Martin Stewart (Nov 19 2021 at 21:50):

Richard Feldman said:

My thinking is that a good package manager would be decentralised or maintained by the community

so to me, one of the "now that I've had this, I can never go back" features of Elm's package manager is that it enforces semantic versioning - like if I try to push a change that could cause a type mismatch for someone using my package, I have to bump the major version number or the package repo won't accept it.

I don't think that's possible if you have a decentralized package management system, unless I'm missing something!

Can't you derive the version numbers by looking at the source? In other words, would it be possible for packages to not include version numbers and instead you'd determine it by looking at the API changes between each version?

Richard Feldman (Nov 19 2021 at 21:52):

Can't you derive the version numbers by looking at the source?

that's possible, but it requires downloading and type-checking all the sources of every version that's ever been published, which could take awhile for a project that's had a lot of releases :sweat_smile:

Richard Feldman (Nov 19 2021 at 21:58):

if it's impossible to expect a roc app developer to have the whole toolchain to compile the platform, would the package manager need to be custodian for the build process - taking a platform in a supported language and producing the build artefacts itself? maybe off topic, but I'm very curious to know how this would be solved

I don't think the Roc compiler or package manager should become coupled to another language's compiler. Then we get into situations like there being demand for a Roc release every time a new version of Rust comes out, or Zig, or...etc. I also think Roc application authors should be able to drop a roc executable onto a fresh operating system install and be able to do full Roc development without needing anything else, so they also shouldn't need to build hosts.

Putting those together, having platform authors build their own host binaries for each target, and upload them directly to the package repo, seems like the way to go! :big_smile:

In the case of shipping compiled binaries for a given platform (which I can absolutely understand), would the package manager start to get into very sketchy territory? what safeguards can it provide?

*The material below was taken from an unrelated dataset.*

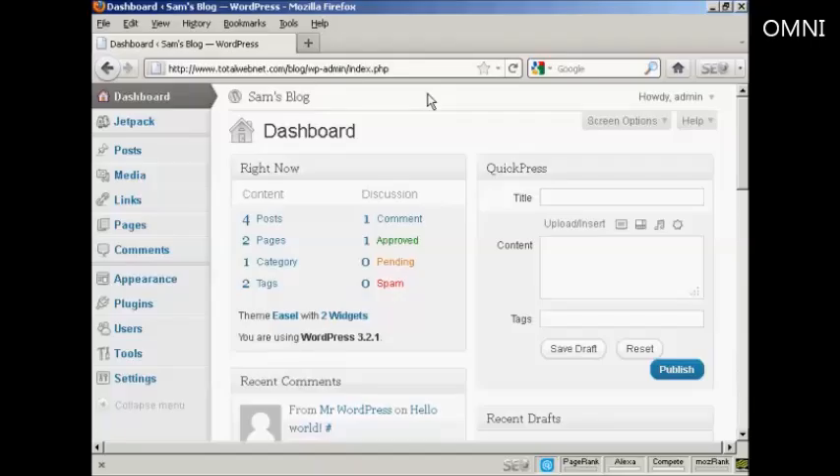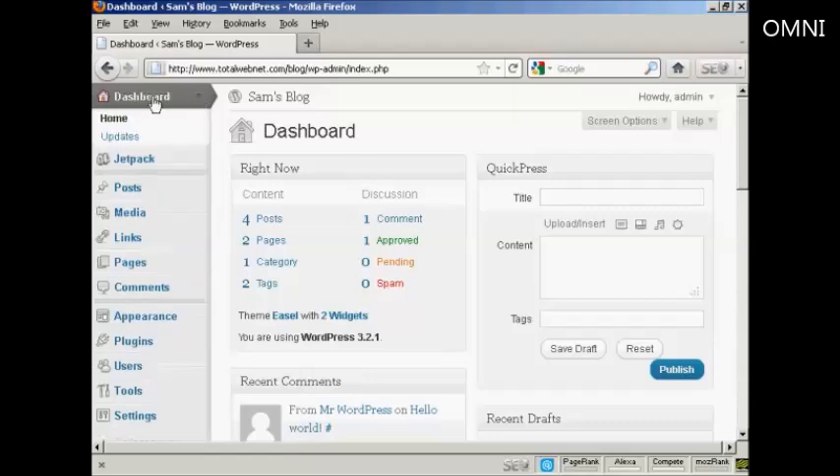WordPress is configured to notify you whenever any updates are available, and you'll get a banner that will appear here on the dashboard that will tell you that there is an update available. This is updates for the software itself or for things like your themes or plugins and so forth. You can also check for updates manually by coming here to this little arrow on the dashboard tab and coming down to where it says updates.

I can't think of any safeguards that it could realistically provide, to be honest - I think it's one of those "be very sure that you trust the author of this platform before you install it!" situations. You can presumably verify the binaries yourself by building from source and checking that they're identical to the binaries that got downloaded, but I'm not sure how the package manager could automate that without getting into the "building hosts from source" game!

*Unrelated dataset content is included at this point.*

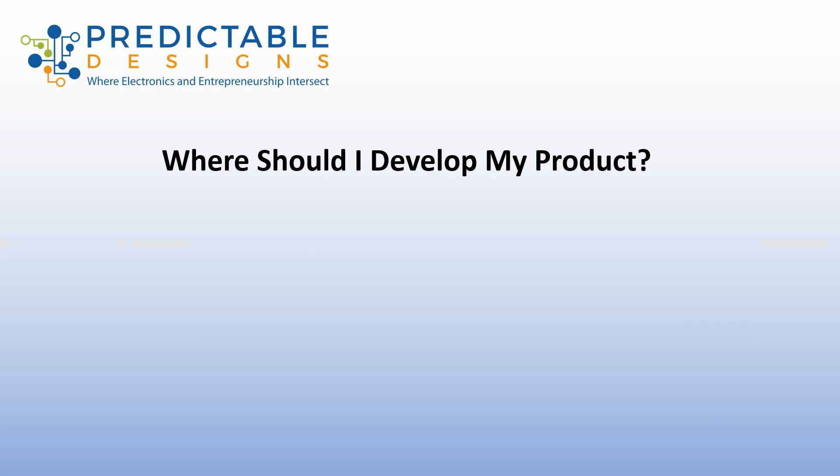One of the most common questions that I get asked is, where should I develop and manufacture my new electronic hardware product? I'm going to break this down into two separate questions. First, I'll answer where should you develop your product?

Richard Feldman (Nov 19 2021 at 22:02):

clearly platform developers will need to be held to an infinitely higher standard than app developers... maybe even whitelisted by the community at first -- could roc ship in 'safe mode' for beginners?
or ship with a limited bunch of endorsed platforms (web, console, playground, embedded) and let developers download/share at own risk?

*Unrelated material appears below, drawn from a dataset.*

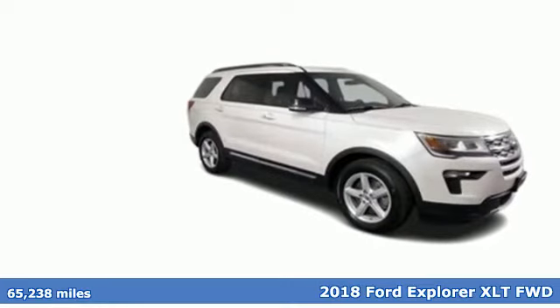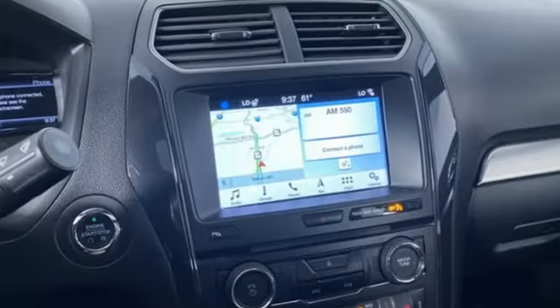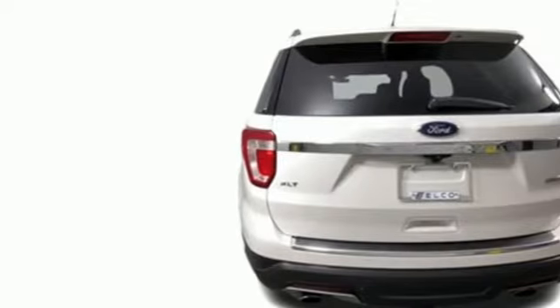It comes with great features you'll love: V6 engine, manual tilting steering column, Bluetooth wireless audio streaming, rear parking sensors, manual telescoping steering column.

I think platform authors definitely need to be treated with more caution than other package authors, but one thing I learned from Elm is that a lot of people feel very strongly that "blessed packages" with special status are unfair to other package authors.

I think having a "tutorial" platform ship with the language for purposes of an interactive tutorial seems reasonable, but I'd imagine its API would be limited to just the tutorial exercises, so it wouldn't really compete with "real" platforms

Lawrence Job (Nov 19 2021 at 22:10):

How many languages do we expect there to be realistically? If it's zig, rust, swift and a couple others, is it possible for the package manager to take the source and compile it itself, at least showing some kind of chain of custody?

I totally agree that blessed packages are harmful, but maybe platforms are potentially dangerous enough that they need vetting. I know I'd feel better as a developer if I knew that someone had checked it. Rn we're asking developers to trust Roc, and the platform, with their systems. Eventually I think trusted platforms would eventually emerge and there'd be a de facto blessed list anyway.. maybe that's where third party endorsements come in?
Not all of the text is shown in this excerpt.